I now suspect that my brain capacity has shrunk to that of a mole, as I struggle to deal with the weather as well as the discovery that I may not be able to continue my 30 years love affair with quilt making and, therefor, my decade-long donations to Reach Out Nepal, first of quilts for all the children we support and, more recently, of proceeds from the sale of quilts.

I have recently had three quilts commercially quilted, then did a small one myself — what an unmitigated disaster, no adequate control when free motion quilting, resulting in something I will give to a homeless shelter, as well as a week of extreme pain. The next quilt I have ended up sticking to quilting in straight lines with my trusty walking foot, not the best option for an otherwise lovely quilt. I will be relying on friends to help finish the rest of my quilts, then my life in quilts will most likely come to an end. Although I can piece either by hand or machine, if I’m unable to quilt them, there’s no point. I hope I’ll be able to continue sewing ‘shields’ for Days For Girls, a worldwide organisation that provides sanitary packs for girls in developing countries, thus enabling them to attend school, etc. during menstruation. That will at least help in using up my fabric stash and my time in a worthwhile way!

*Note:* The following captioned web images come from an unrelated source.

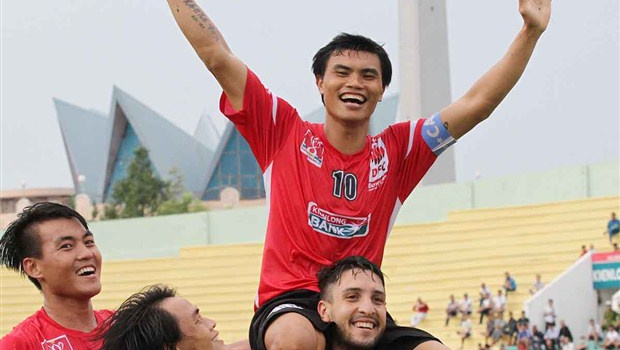 Tài Em lập hat-trick, ĐTLA vào bán kết Cúp QG 2015
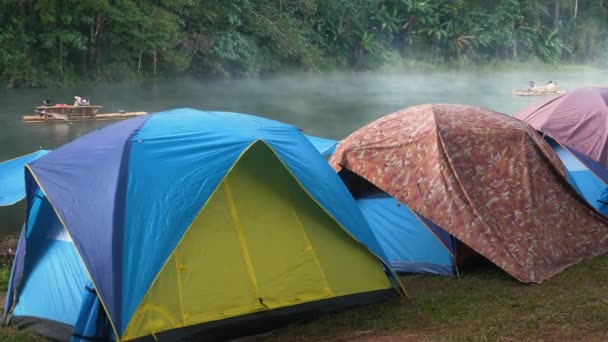 Tält i gryningen på en dimmig flod eller tidig morgon på sjön. Camping utomhus — Stockvideo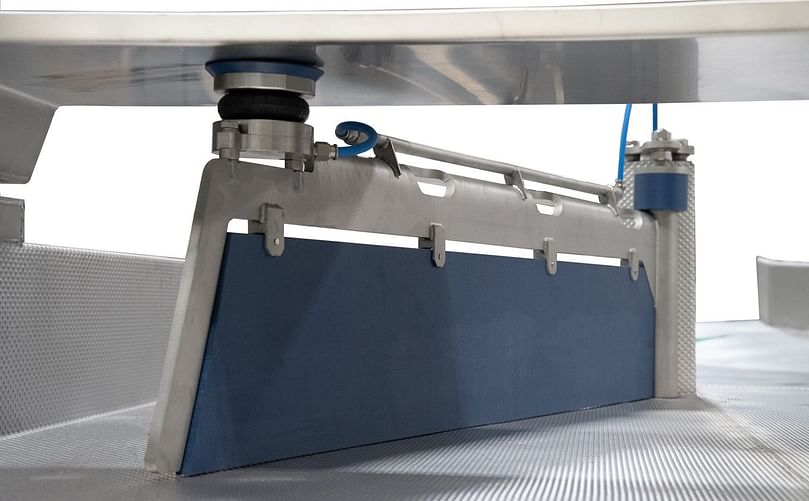 Key auto diverter for vibratory conveyors close up Key auto diverter for vibratory conveyors close up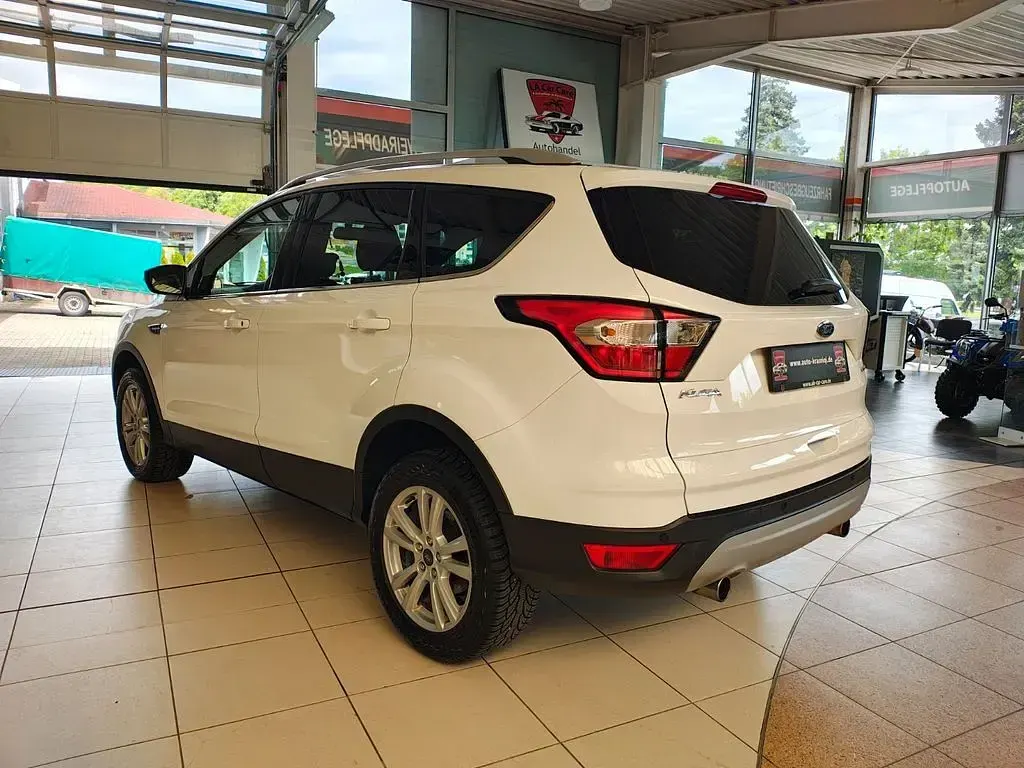Gebraucht Ford Kuga Trend 120 PS (88 kW) 2018 Weiß SUV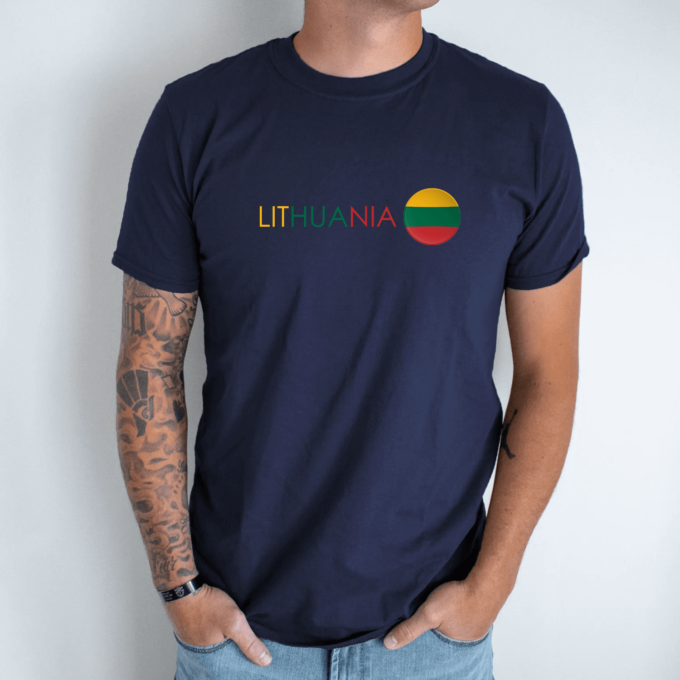 Unisex marškinėliai su spauda „Užrašas Lithuania“ - Image 2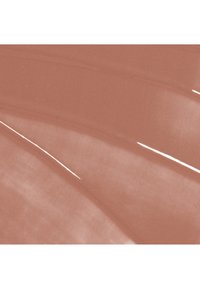 Échantillons lisses et brillants de fond de teint liquide nude brun moyen avec des reflets lumineux sur la surface.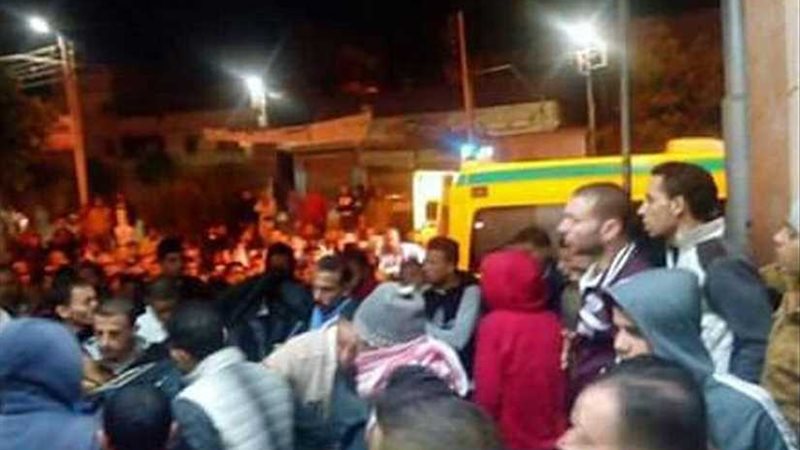 أهالي دمياط يشيعون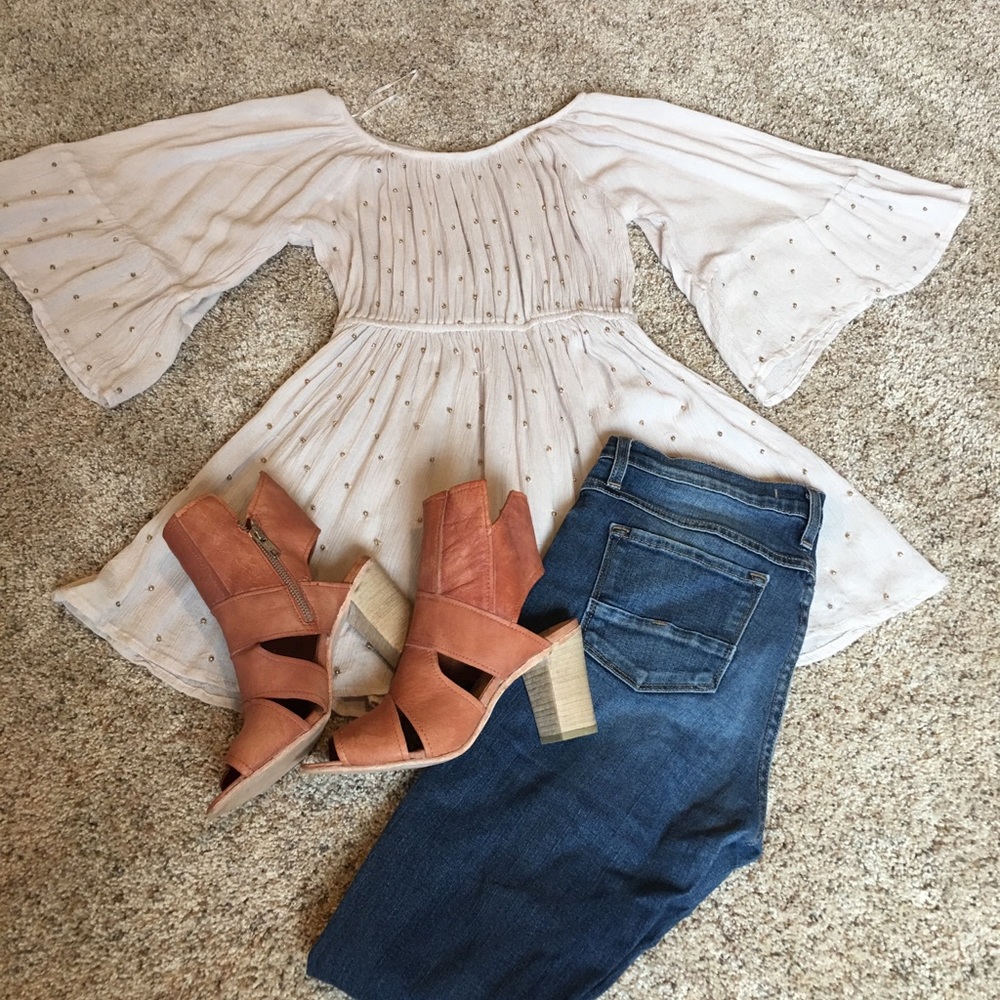 Bke boutique gold beaded lightweight top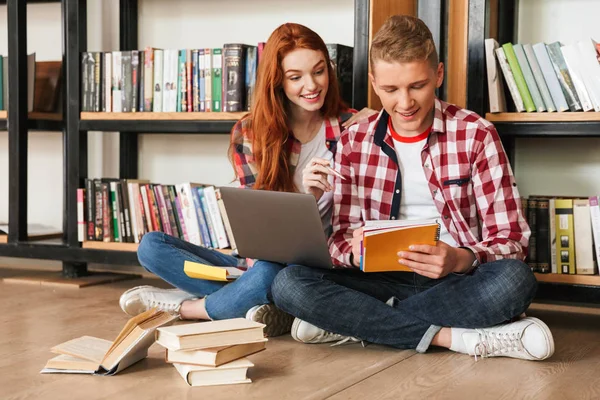 Couple Adolescent Intelligent Assis Sur Plancher Bibliothèque Dans Une Bibliothèque — Photo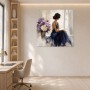 Elegante Frau mit Blumen, als Kunstwerk oder Wandbild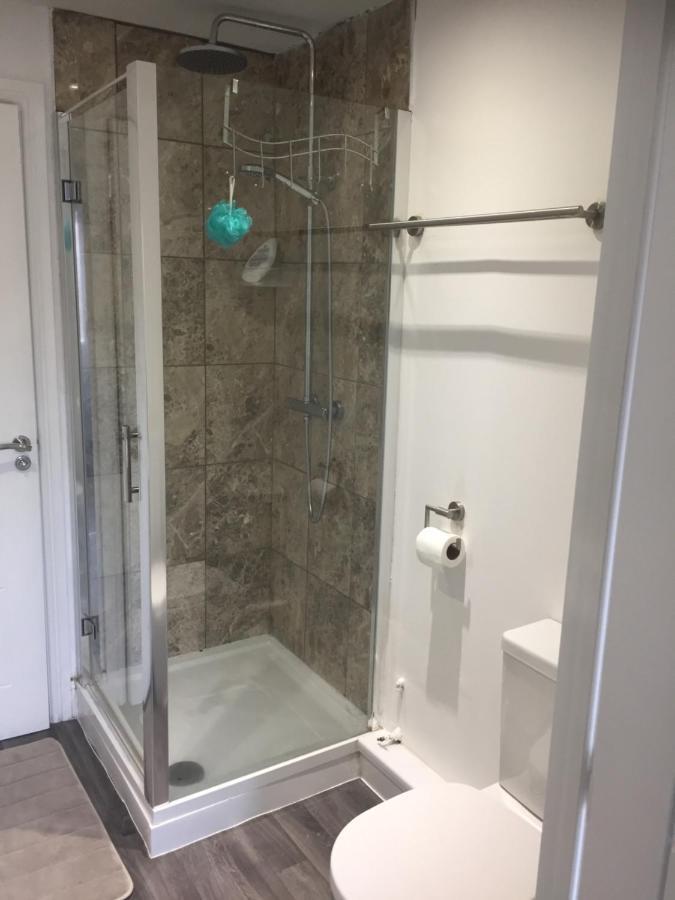 Alphalink Lodge Middlesbrough Bagian luar foto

How come? My body is now calling the shots and machine quilting has had an unacceptable effect on my shoulder, arm and back, since I returned to my machine to quilt the pile of waiting quilts. The total shoulder replacement surgery that I had 11 months ago evidently involved the destruction of my rotator cuff and some tendons/muscles/ligaments (now unsure which) that enable movement and control. The long-lasting pain caused by a session of machine quilting has too big an effect on my ability to function in my everyday life, and there is no physical treatment that will return my arm to its previous level of strength and movement.

Don’t get me wrong, folks, this IS NOT the outcome of the usual shoulder replacement! My left shoulder is brilliant after replacement surgery a few years ago, but this last time I was given a “reverse” joint, where the natural position of the ball and socket are reversed in the replacement, resulting in the probable loss of a substantial range of movements.

I have not gone into all this detail to garner sympathy, but rather as a cautionary tale for those contemplating shoulder replacements! You need to understand the likely results of each type of prosthesis: the conventional one requires long months of exercise but, as mine did, can produce wonderful results, while the use of a “reverse” joint reduces the recovery time but destroys one area of movements (which was not explained to me prior to surgery last year). Make sure you ask exactly what the results are likely to be if you’re ever faced with joint replacement!! I cannot recommend highly enough the benefits of replacing a joint that is cramping your lifestyle, having had two new knees, one hip and two shoulders. Only the reverse shoulder has left me dissatisfied.

LESSON OF THE DAY? Appreciate the good things in your life every single day! You never know what’s ahead…

3 Comments Add yours

  1. It’s such devastating news and so upsetting that all the pros and cons of this new method of shoulder replacement weren’t discussed in detail with you so you could have made an informed choice. A shorter recovery time has come a huge, life changing cost for you and I know how much you would have preferred the longer rehab time in exchange for full use of your shoulder. xxx

    Liked by 1 person

    1. Thank you so much for your support! The down-side of this new procedure needs to be talked about so that others have the opportunity to make that informed decision.

      Liked by 1 person

      1. Always! I agree, and think you’ve done a great community service by raising the issues with this type of shoulder replacement.